| Work task |
From the line holding "Decorative zoomed in view of district map" through the line holding "Turner (Hull) Emmanuel" below, write out every line exactly; include both of those lines and drop the pictures.

| Material for the task |
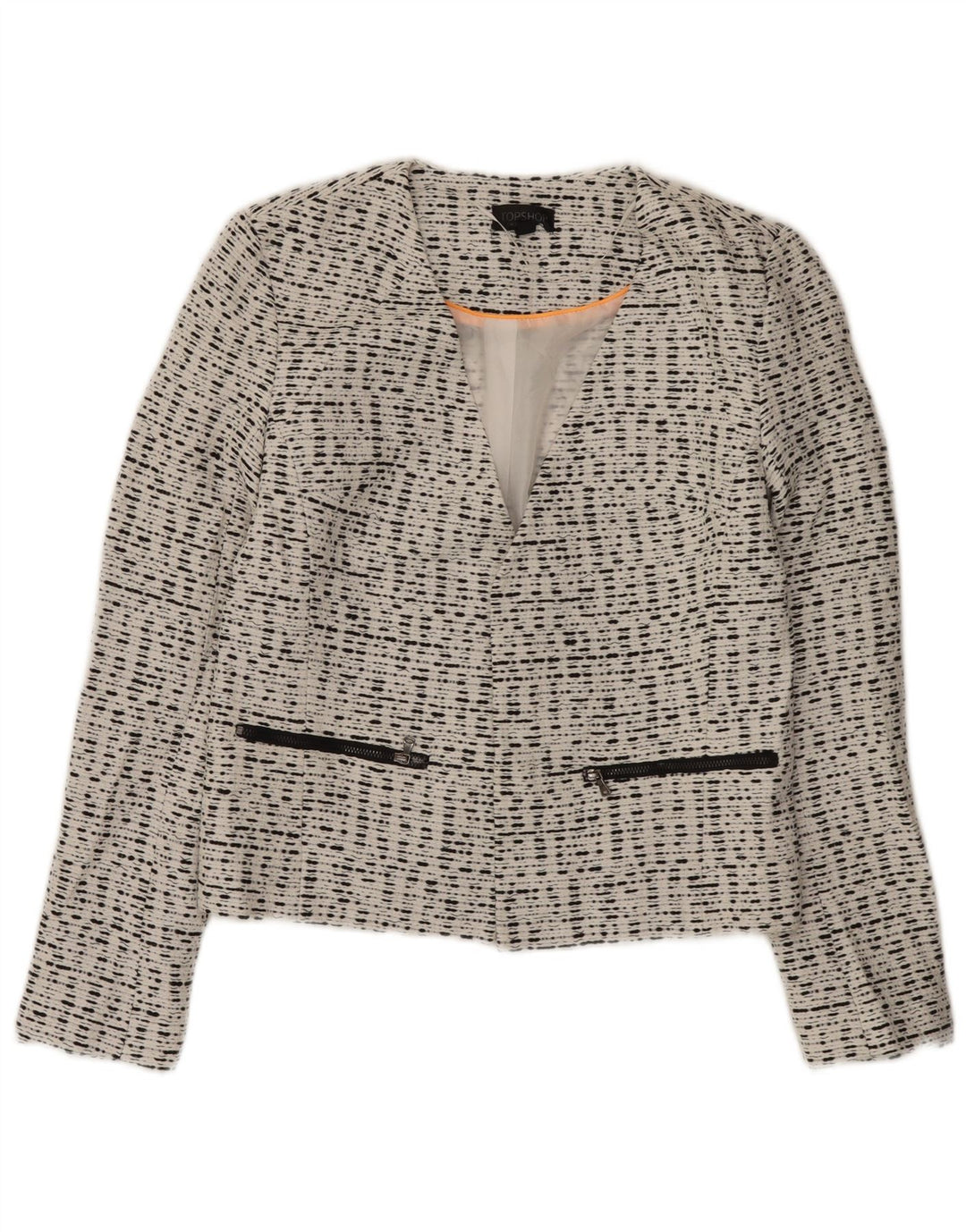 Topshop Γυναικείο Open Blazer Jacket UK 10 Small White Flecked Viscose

* * *

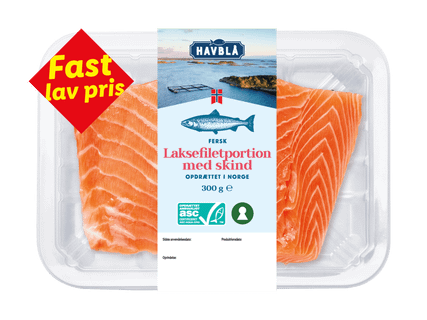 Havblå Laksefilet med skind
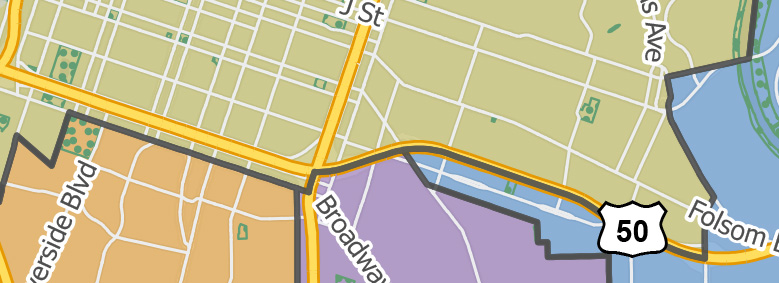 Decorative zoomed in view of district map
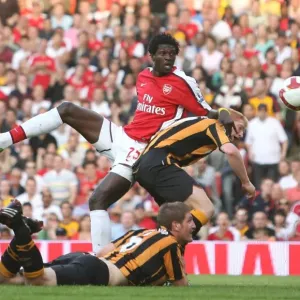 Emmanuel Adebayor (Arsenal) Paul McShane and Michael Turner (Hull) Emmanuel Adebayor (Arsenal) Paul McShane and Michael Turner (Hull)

* * *

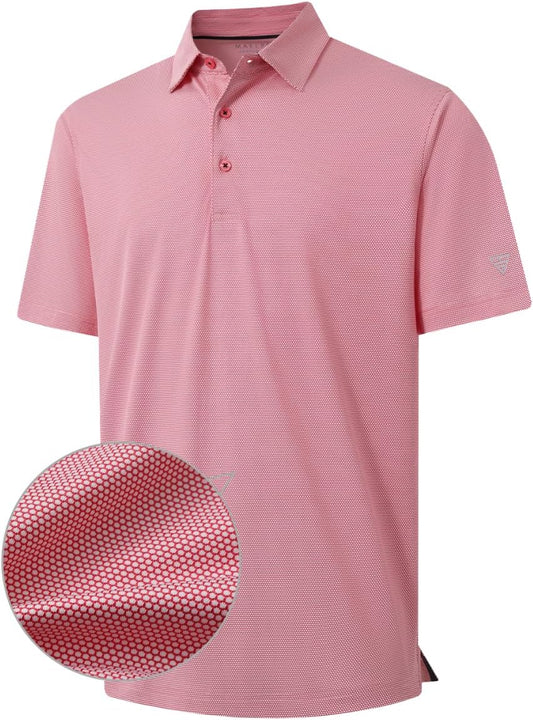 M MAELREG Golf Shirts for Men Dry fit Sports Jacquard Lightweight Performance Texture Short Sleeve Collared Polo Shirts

| Completed exercise |
 Decorative zoomed in view of district map
 Emmanuel Adebayor (Arsenal) Paul McShane and Michael Turner (Hull) Emmanuel Adebayor (Arsenal) Paul McShane and Michael Turner (Hull)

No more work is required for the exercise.